Roasted Butternut Squash, Onions and Red Potatoes with Fresh Herbs

Simple, yet elegant sweet and savory. It’s a perfect side or the perfect meal.


  • 1 whole Butternut Squash, Peeled And Seeded
  • 1-½ pound Red Potatoes, Rinsed And Scrubbed
  • 1 whole Large Purple Or Sweet Yellow Onion
  • 1 Tablespoon Minced Fresh Rosemary Leaves
  • 1 Tablespoon Minced Fresh Sage Leaves
  • 1 Tablespoon Minced Fresh Thyme Leaves
  • ¼ cups Extra Virgin Olive Oil
  • Salt And Pepper, to taste


Preheat oven to 450 F. Line two shallow baking pans (1-inch sides all around) with foil set aside.

Dice the butternut squash, potatoes and onion in approximately 1- x 1-inch pieces. Place in a large bowl. Sprinkle with the fresh rosemary, sage and thyme.

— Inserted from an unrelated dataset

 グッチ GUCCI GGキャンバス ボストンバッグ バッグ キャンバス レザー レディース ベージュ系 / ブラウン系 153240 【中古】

Drizzle the olive oil over the vegetable/herb mixture. Toss lightly until the vegetables are well coated. Distribute evenly between the two pans in a single layer. Do not crowd the vegetables. Sprinkle with salt and pepper, to taste.

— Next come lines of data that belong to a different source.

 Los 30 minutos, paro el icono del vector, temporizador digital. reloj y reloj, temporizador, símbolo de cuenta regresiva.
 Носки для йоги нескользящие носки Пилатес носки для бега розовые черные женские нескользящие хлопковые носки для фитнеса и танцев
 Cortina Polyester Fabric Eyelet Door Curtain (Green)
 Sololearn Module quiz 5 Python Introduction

Roast for about 20-25 minutes in the oven, rotating pans after ten minutes. The vegetables are ready when they just begin to turn brown in some places and the potatoes pierce easily with a fork or wooden skewer. Do not overcook.

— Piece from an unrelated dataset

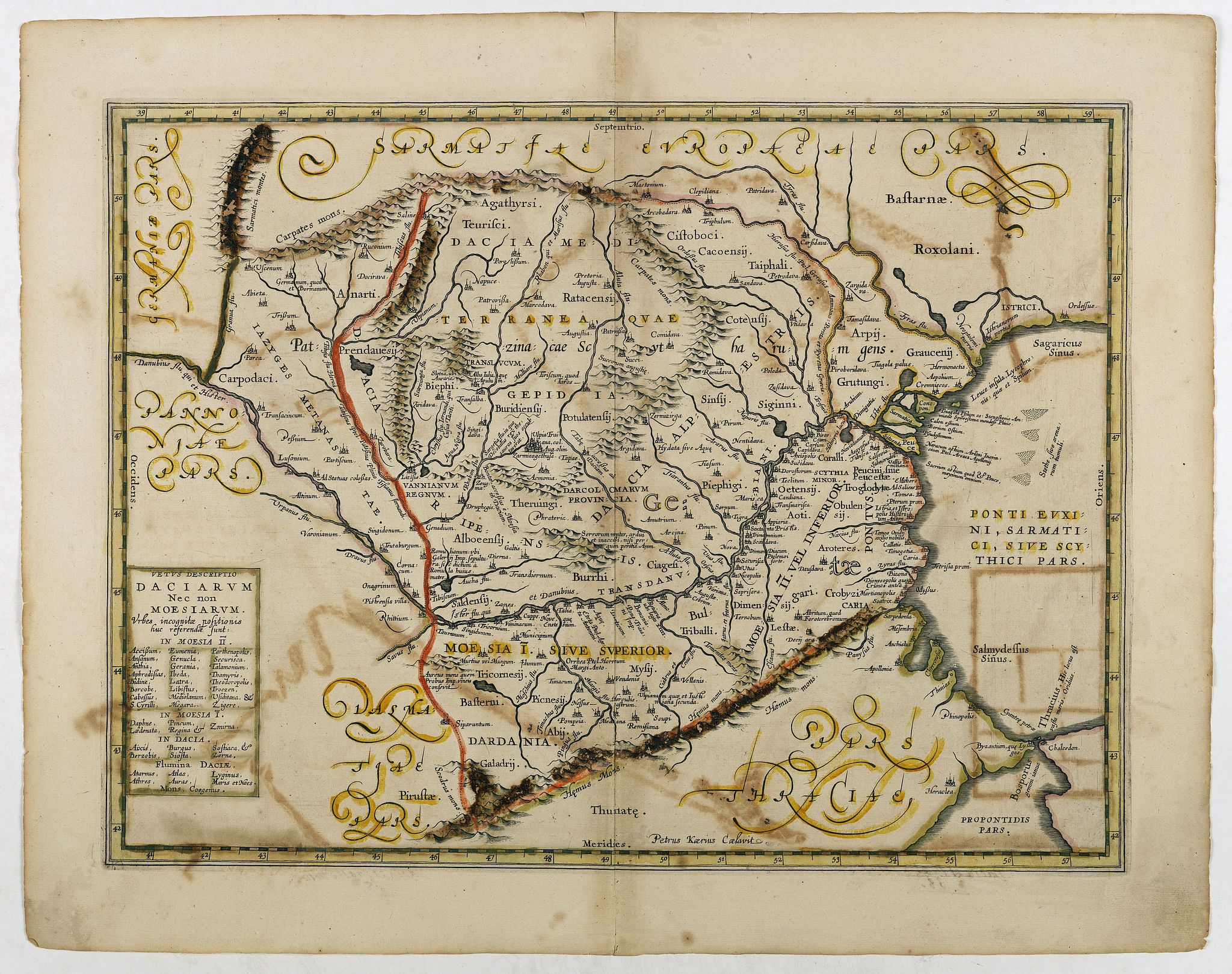 JANSSONIUS, J., Vetus Descriptio Daciarum Nec non Moesiarum., antique map, old maps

Roasted Whole Butternut Squash

Roasted whole butternut squash is an easy way to enjoy the delicious winter squash. Simply slice in half, then bake until tender. A maple cinnamon glaze and chopped nuts add a touch of sweetness to each serving.

One of the easiest ways to prepare butternut squash is to roast it whole. No peeling, just cut in half, remove the seeds, and bake. It makes for a stunning and healthy side dish. To add layers of flavor with minimal effort, I roast the halves flesh-side down to boost the browning on the surface.

You can simply enjoy the sweet and nutty flesh with just salt and pepper. However, I like to make it even tastier. A brush of sticky maple syrup and a sprinkle of bold cinnamon and nutmeg creates delicious caramel notes. Slice it up into individual servings, scoop out a few spoonfuls, or stuff it to make an edible bowl.


  1. Botwolf

    I think it is the serious mistake.

  2. Tedman

    Bravo, remarkable idea

  3. Macen

    Wonderful, this is a very valuable answer

  4. Seireadan

    Agree, useful information

  5. Rafik

    I join. I agree with all of the above. Let's discuss this issue.